==== Data section

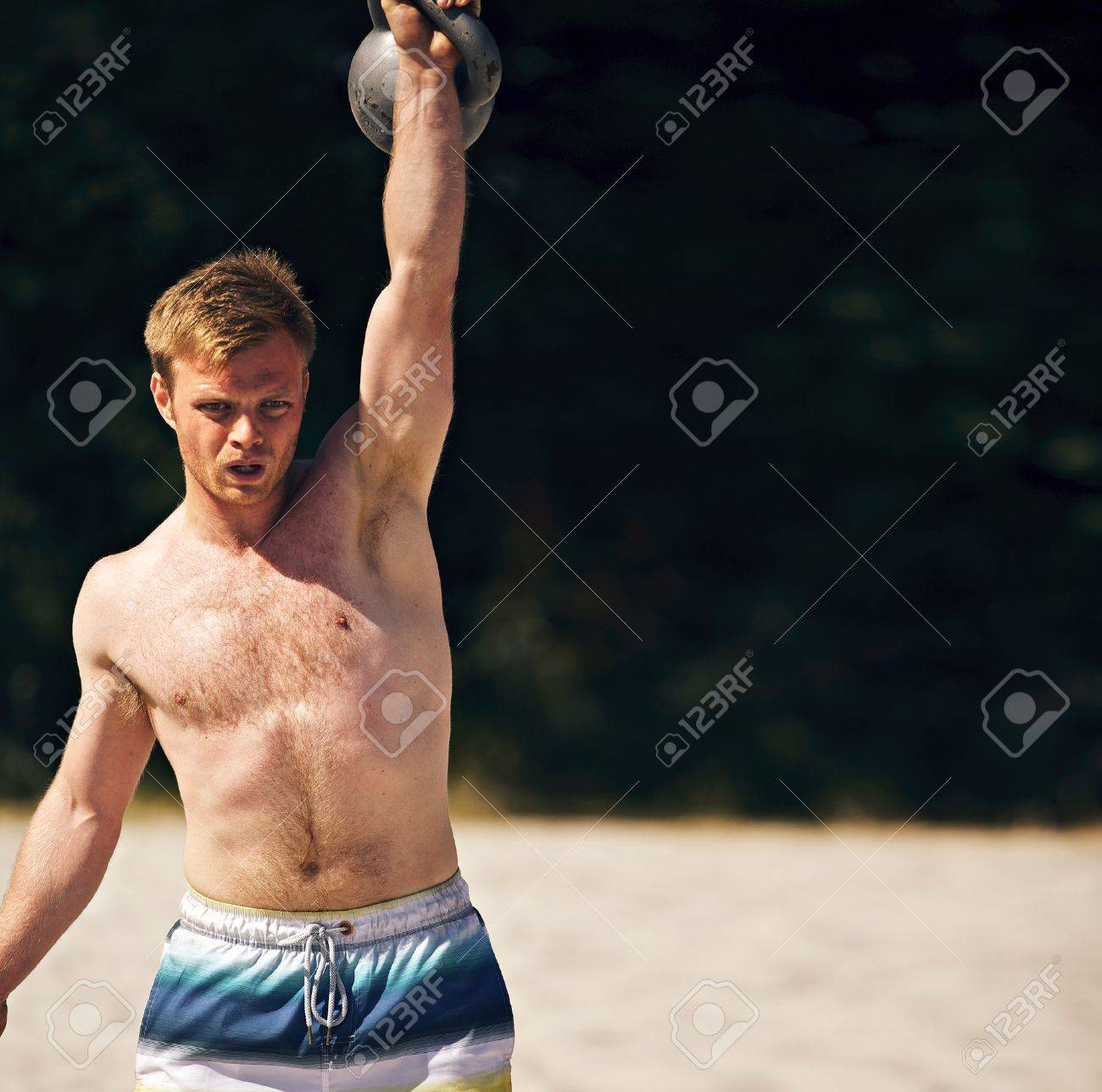 guy lifting a heavy kettlebell on a beach during crossfit workout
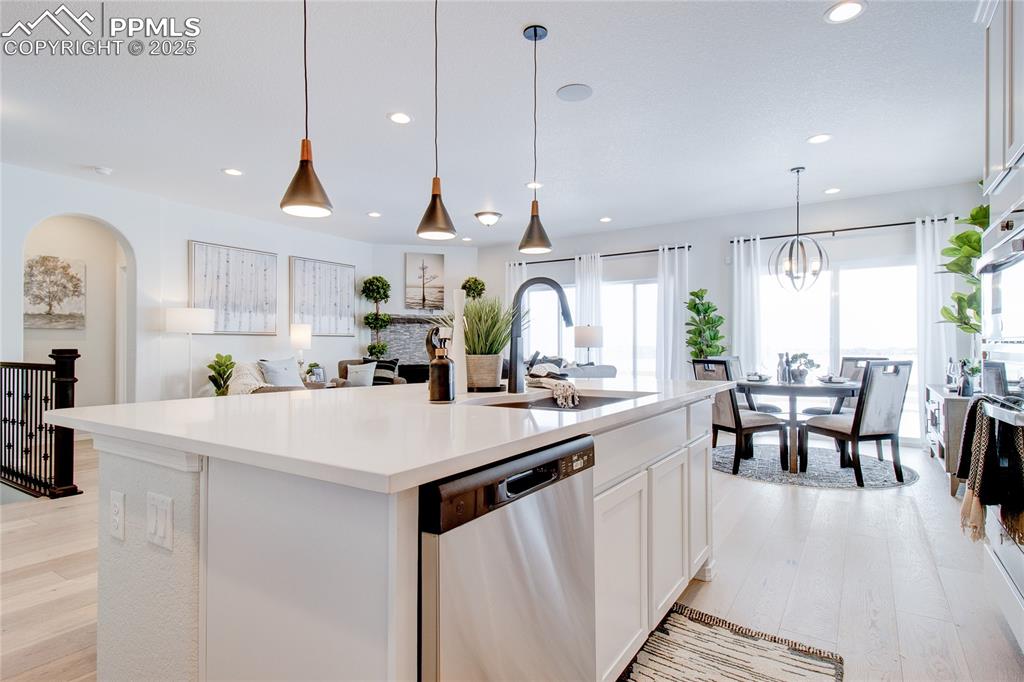 Image 13 of 32: Kitchen featuring arched walkways, a sink, light wood-type flooring, recess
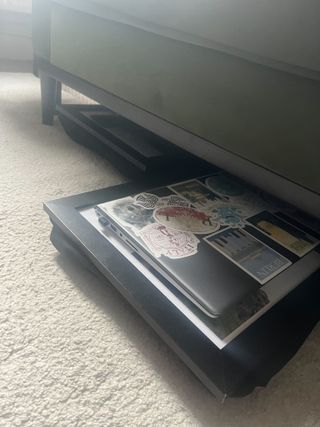 Two lap trays under a green sofa on a white rug, one with a grey laptop on it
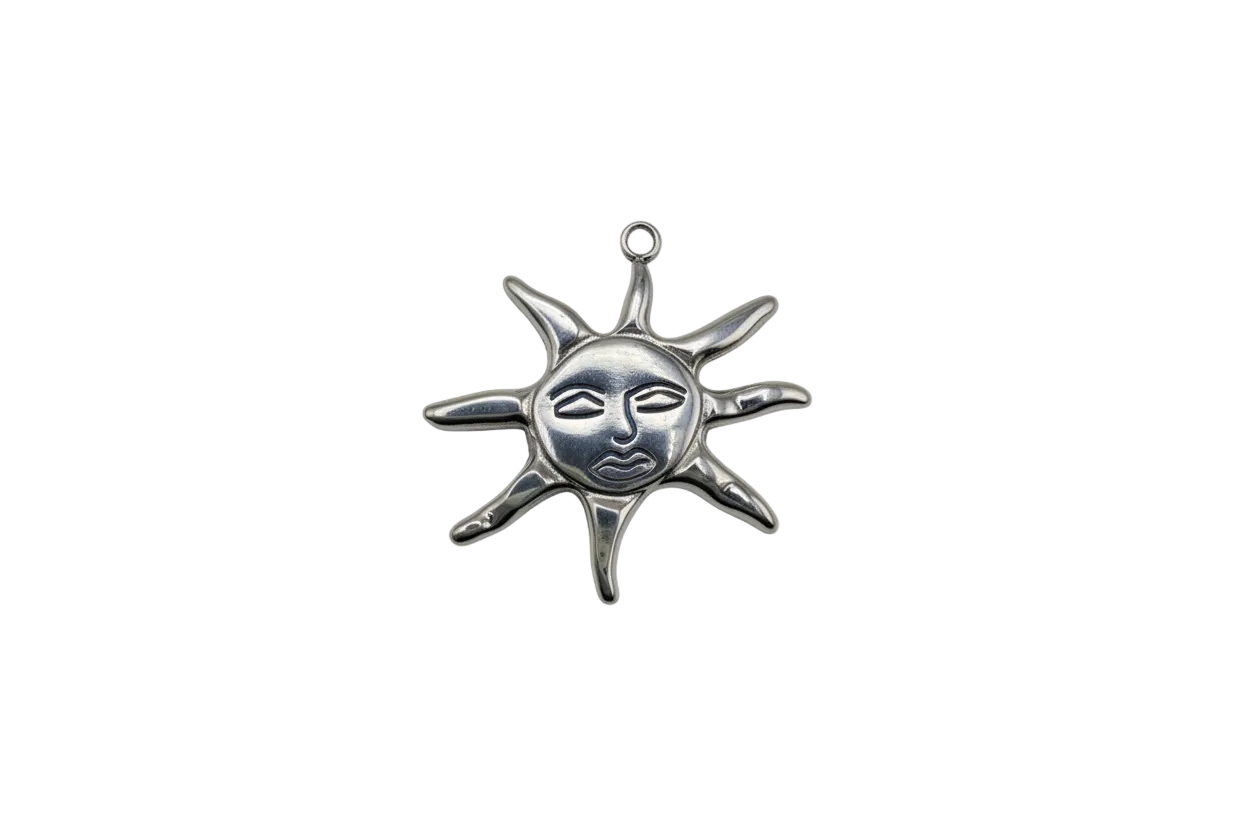Silver sun face medallion with radiating rays
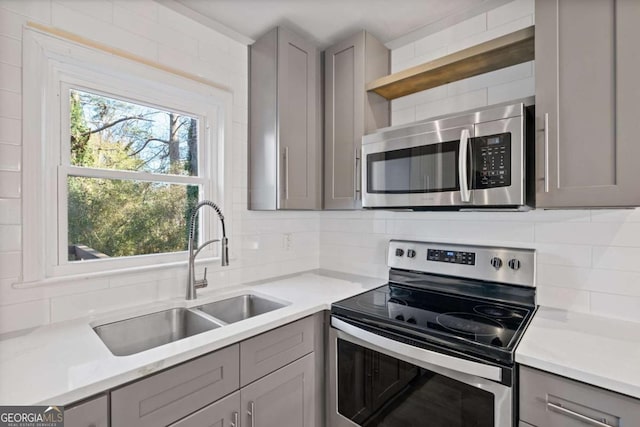 kitchen featuring gray cabinetry, sink, tasteful backsplash, and appliances with stainless steel finishes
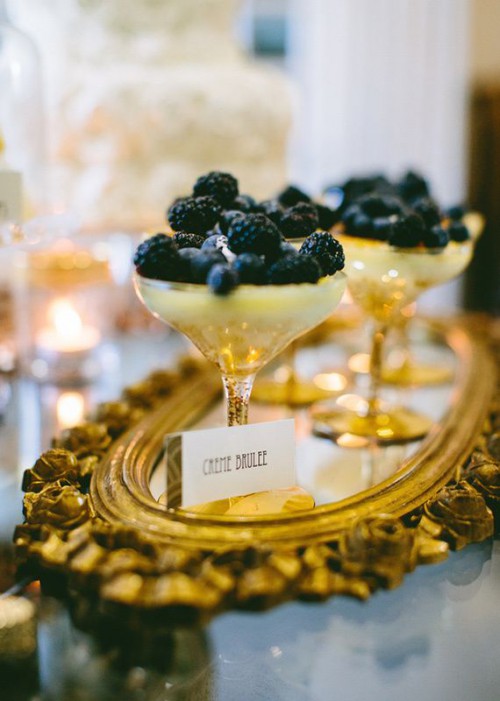 a wedding dessert setting with a refined gold tray, black and gold berry desserts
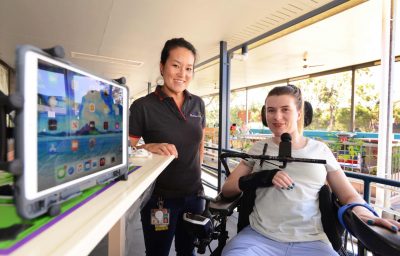 woman in wheelchair with resercher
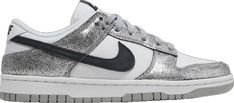 Metallic Low-top Sneakers For Sports, Metallic High-top Sneakers For Streetwear, Sporty Metallic Sneakers, Sports Lace-up Sneakers With Metallic Logo, Nike Metallic Sneakers For Streetwear, Metallic Sneakers For Sports, White Sports Sneakers With Metallic Logo, Metallic Round Toe Sneakers For Sports, Metallic Lace-up Sports Sneakers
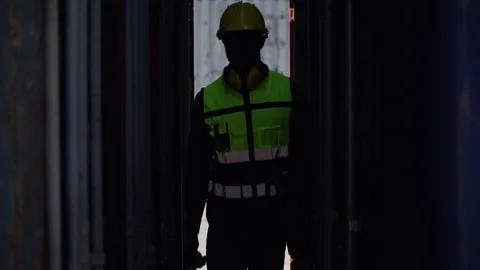 African american worker holding computer laptop walking through container b.. Stock Footage 248349341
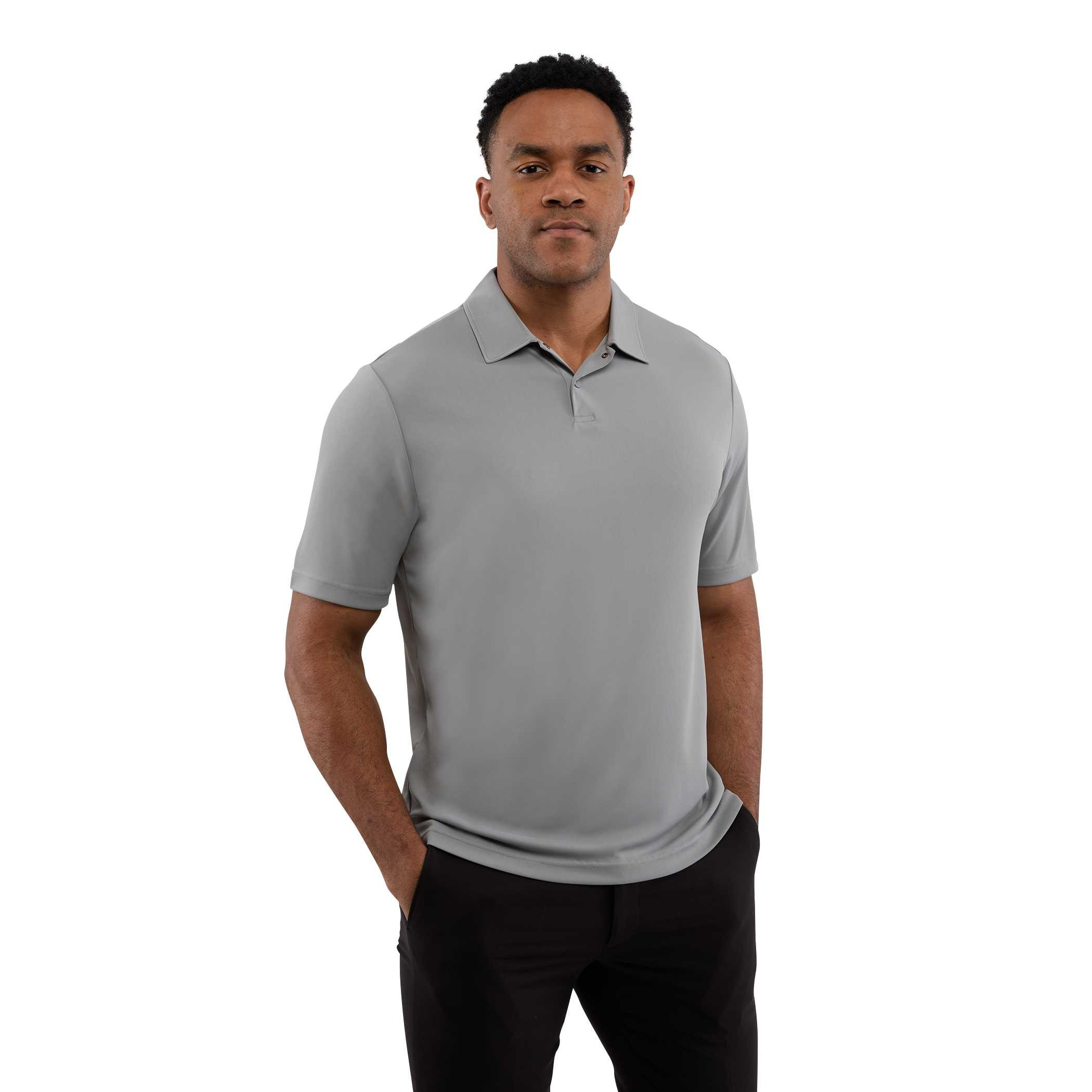 A man wearing a Quarry Men’s Dara Recycled Tech Polo made from structured recycled polyester fabric during an outdoor event. The short-sleeve polo features a modern two-snap button placket, clean snag-resistant texture, and an athletic fit, showcasing its use as professional corporate apparel.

========

Omit all pictures while transcribing the entries verbatim.

 guy lifting a heavy kettlebell on a beach during crossfit workout
 Image 13 of 32: Kitchen featuring arched walkways, a sink, light wood-type flooring, recess
 Two lap trays under a green sofa on a white rug, one with a grey laptop on it
Silver sun face medallion with radiating rays
 kitchen featuring gray cabinetry, sink, tasteful backsplash, and appliances with stainless steel finishes
 a wedding dessert setting with a refined gold tray, black and gold berry desserts
 woman in wheelchair with resercher
 Metallic Low-top Sneakers For Sports, Metallic High-top Sneakers For Streetwear, Sporty Metallic Sneakers, Sports Lace-up Sneakers With Metallic Logo, Nike Metallic Sneakers For Streetwear, Metallic Sneakers For Sports, White Sports Sneakers With Metallic Logo, Metallic Round Toe Sneakers For Sports, Metallic Lace-up Sports Sneakers
 African american worker holding computer laptop walking through container b.. Stock Footage 248349341
 A man wearing a Quarry Men’s Dara Recycled Tech Polo made from structured recycled polyester fabric during an outdoor event. The short-sleeve polo features a modern two-snap button placket, clean snag-resistant texture, and an athletic fit, showcasing its use as professional corporate apparel.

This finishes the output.